# Directions
Wherever an image appears in the data, omit it and copy all the remaining text word for word.

# Data below
=== Begin Enclosure ===
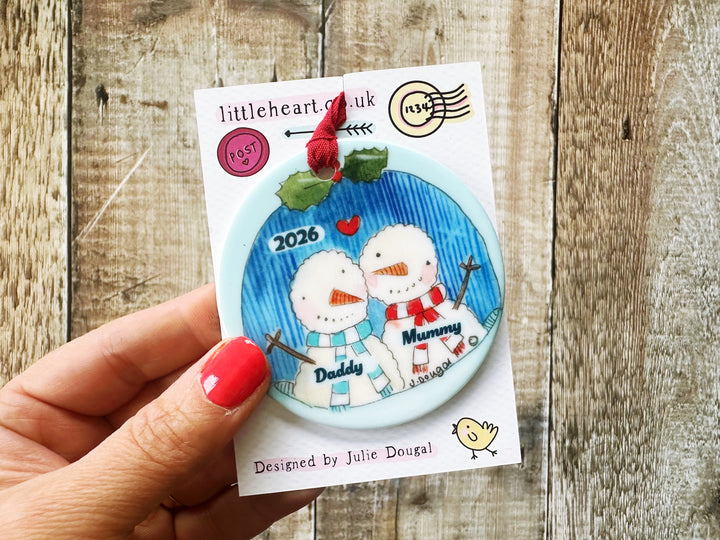 2 Little Snowmen Christmas Ceramic Bauble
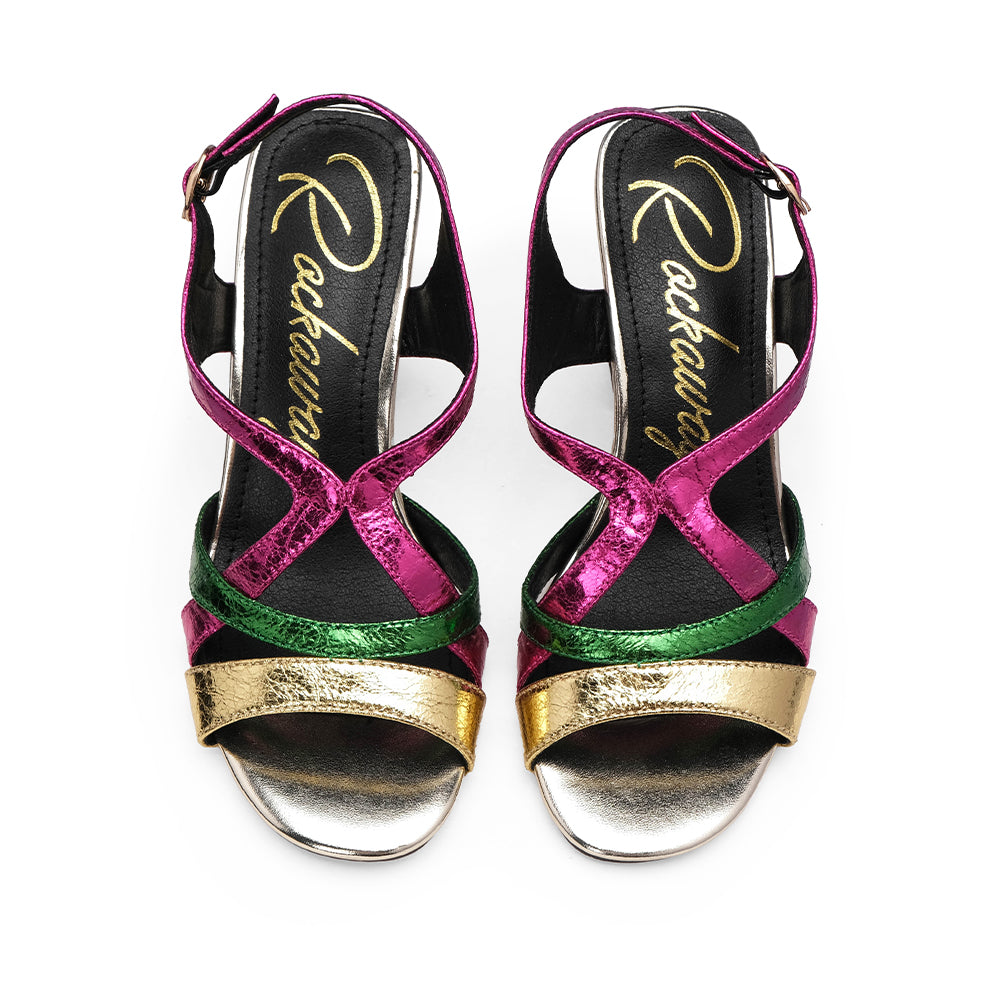 Sandália Salto Alto Mulher Metalizado Multicolor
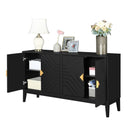 4 Door Sideboard Storage Cabinet For Living Room And Dining Room, 2 Large Cabinets With Gold Handles And Adjustable Shelf - Black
=== End Enclosure ===
# Final answer
 2 Little Snowmen Christmas Ceramic Bauble
 Sandália Salto Alto Mulher Metalizado Multicolor
 4 Door Sideboard Storage Cabinet For Living Room And Dining Room, 2 Large Cabinets With Gold Handles And Adjustable Shelf - Black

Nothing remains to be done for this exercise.